Segment Open
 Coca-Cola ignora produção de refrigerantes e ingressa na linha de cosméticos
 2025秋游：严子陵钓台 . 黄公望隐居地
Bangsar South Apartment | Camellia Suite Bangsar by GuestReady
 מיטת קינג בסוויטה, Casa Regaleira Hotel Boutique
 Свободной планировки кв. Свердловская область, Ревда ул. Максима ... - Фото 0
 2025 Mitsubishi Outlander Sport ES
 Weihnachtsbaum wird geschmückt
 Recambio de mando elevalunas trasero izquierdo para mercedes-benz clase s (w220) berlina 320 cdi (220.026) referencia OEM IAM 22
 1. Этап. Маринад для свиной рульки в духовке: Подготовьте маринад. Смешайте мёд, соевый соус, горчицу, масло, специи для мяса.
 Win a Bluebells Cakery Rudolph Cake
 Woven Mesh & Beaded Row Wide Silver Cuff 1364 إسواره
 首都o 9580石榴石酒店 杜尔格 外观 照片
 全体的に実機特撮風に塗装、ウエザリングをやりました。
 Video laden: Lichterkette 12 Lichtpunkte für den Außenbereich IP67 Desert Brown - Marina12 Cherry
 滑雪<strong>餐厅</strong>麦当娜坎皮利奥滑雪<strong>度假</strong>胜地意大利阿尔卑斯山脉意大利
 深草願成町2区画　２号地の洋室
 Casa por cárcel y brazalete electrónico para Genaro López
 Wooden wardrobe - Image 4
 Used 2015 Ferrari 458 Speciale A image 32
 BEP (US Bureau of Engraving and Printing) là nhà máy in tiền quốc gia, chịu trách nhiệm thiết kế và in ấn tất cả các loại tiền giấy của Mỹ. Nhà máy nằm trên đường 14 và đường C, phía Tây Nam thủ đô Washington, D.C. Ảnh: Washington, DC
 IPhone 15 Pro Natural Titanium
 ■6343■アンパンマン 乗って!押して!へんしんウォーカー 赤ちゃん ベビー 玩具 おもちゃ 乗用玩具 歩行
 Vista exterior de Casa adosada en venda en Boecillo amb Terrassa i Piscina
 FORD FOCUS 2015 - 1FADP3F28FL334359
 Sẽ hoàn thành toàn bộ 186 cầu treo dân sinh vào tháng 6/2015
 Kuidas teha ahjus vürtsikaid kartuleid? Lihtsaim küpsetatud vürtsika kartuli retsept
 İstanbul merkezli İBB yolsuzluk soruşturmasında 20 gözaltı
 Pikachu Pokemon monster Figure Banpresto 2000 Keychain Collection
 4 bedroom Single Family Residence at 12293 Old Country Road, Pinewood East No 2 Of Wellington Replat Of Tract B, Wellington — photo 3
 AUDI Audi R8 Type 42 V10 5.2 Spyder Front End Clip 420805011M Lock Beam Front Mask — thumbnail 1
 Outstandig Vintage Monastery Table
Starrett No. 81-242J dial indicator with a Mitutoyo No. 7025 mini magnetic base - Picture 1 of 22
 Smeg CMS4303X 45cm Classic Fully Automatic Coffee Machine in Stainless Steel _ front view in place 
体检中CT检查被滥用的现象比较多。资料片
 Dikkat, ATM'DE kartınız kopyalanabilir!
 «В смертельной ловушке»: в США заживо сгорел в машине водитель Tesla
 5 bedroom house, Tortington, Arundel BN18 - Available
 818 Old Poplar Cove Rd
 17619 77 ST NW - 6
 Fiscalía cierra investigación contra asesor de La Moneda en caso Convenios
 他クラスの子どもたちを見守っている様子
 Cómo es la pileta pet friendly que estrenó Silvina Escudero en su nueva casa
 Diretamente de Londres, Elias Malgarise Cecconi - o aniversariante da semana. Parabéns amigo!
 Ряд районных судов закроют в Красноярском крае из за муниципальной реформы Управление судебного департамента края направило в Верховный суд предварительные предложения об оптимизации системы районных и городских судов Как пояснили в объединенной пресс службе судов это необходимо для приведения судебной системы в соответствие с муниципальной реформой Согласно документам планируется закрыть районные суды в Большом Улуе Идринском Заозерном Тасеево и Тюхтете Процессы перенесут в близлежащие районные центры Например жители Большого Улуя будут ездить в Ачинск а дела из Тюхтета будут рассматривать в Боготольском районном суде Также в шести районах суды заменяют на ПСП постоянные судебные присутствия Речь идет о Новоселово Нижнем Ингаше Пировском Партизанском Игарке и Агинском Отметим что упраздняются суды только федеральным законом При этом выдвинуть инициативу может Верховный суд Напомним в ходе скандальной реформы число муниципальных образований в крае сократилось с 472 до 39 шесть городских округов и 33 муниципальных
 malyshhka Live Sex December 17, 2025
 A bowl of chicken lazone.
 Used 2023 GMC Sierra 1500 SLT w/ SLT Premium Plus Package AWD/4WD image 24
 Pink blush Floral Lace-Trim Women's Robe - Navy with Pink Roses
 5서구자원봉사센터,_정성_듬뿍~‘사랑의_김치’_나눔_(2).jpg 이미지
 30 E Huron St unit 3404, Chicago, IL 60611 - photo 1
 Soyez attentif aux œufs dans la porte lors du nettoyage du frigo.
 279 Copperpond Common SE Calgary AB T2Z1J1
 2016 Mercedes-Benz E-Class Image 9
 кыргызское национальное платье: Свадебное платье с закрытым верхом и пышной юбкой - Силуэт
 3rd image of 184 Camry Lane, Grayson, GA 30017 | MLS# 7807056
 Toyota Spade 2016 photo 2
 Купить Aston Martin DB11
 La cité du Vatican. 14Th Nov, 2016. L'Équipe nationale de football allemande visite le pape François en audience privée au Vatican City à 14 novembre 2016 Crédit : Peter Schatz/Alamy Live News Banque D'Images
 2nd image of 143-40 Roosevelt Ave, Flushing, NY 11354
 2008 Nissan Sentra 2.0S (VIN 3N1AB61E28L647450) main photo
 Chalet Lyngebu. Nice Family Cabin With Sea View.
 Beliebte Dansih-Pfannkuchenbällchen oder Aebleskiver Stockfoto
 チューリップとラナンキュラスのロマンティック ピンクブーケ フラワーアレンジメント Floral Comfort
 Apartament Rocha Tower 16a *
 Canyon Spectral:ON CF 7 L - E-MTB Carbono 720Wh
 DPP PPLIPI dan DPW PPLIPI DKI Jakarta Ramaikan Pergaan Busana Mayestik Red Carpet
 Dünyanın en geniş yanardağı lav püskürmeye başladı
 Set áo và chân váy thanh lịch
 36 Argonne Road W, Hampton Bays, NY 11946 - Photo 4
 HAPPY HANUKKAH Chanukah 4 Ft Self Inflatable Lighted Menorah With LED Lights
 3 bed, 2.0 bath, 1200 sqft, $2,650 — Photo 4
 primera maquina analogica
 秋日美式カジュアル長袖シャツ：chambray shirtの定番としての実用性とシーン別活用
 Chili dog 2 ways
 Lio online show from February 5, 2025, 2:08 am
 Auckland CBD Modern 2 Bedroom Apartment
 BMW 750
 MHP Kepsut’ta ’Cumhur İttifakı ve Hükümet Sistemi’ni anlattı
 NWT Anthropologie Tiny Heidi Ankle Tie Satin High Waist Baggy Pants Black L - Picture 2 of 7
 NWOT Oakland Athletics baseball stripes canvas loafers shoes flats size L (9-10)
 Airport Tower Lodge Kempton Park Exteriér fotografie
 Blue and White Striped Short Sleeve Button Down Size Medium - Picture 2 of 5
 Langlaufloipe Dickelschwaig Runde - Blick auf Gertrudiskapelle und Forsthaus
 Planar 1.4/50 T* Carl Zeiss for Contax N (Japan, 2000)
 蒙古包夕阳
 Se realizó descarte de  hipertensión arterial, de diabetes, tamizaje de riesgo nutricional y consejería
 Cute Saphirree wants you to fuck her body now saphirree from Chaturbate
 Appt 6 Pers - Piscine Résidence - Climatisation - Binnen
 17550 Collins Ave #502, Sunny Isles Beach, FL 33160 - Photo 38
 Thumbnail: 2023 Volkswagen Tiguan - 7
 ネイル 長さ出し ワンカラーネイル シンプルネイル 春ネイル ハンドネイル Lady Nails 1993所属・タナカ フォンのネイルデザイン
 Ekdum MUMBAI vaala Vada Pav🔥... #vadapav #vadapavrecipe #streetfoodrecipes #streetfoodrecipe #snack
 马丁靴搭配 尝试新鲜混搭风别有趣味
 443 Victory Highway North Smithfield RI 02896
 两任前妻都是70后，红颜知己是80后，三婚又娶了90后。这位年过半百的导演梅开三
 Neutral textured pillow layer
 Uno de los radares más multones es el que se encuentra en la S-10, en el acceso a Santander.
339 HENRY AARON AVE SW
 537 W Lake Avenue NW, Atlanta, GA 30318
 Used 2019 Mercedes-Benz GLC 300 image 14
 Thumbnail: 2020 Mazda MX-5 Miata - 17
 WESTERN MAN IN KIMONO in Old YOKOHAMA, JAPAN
Segment Closed
**WHAT YOU NEED TO DO**
Give back, exactly as written, the stretch from the line with "おもちゃ 乗用玩具 歩行" through the line with "Diretamente de Londres, Elias", and no other lines from the records above.

**ANSWER FOR THE TASK**
 ■6343■アンパンマン 乗って!押して!へんしんウォーカー 赤ちゃん ベビー 玩具 おもちゃ 乗用玩具 歩行
 Vista exterior de Casa adosada en venda en Boecillo amb Terrassa i Piscina
 FORD FOCUS 2015 - 1FADP3F28FL334359
 Sẽ hoàn thành toàn bộ 186 cầu treo dân sinh vào tháng 6/2015
 Kuidas teha ahjus vürtsikaid kartuleid? Lihtsaim küpsetatud vürtsika kartuli retsept
 İstanbul merkezli İBB yolsuzluk soruşturmasında 20 gözaltı
 Pikachu Pokemon monster Figure Banpresto 2000 Keychain Collection
 4 bedroom Single Family Residence at 12293 Old Country Road, Pinewood East No 2 Of Wellington Replat Of Tract B, Wellington — photo 3
 AUDI Audi R8 Type 42 V10 5.2 Spyder Front End Clip 420805011M Lock Beam Front Mask — thumbnail 1
 Outstandig Vintage Monastery Table
Starrett No. 81-242J dial indicator with a Mitutoyo No. 7025 mini magnetic base - Picture 1 of 22
 Smeg CMS4303X 45cm Classic Fully Automatic Coffee Machine in Stainless Steel _ front view in place 
体检中CT检查被滥用的现象比较多。资料片
 Dikkat, ATM'DE kartınız kopyalanabilir!
 «В смертельной ловушке»: в США заживо сгорел в машине водитель Tesla
 5 bedroom house, Tortington, Arundel BN18 - Available
 818 Old Poplar Cove Rd
 17619 77 ST NW - 6
 Fiscalía cierra investigación contra asesor de La Moneda en caso Convenios
 他クラスの子どもたちを見守っている様子
 Cómo es la pileta pet friendly que estrenó Silvina Escudero en su nueva casa
 Diretamente de Londres, Elias Malgarise Cecconi - o aniversariante da semana. Parabéns amigo!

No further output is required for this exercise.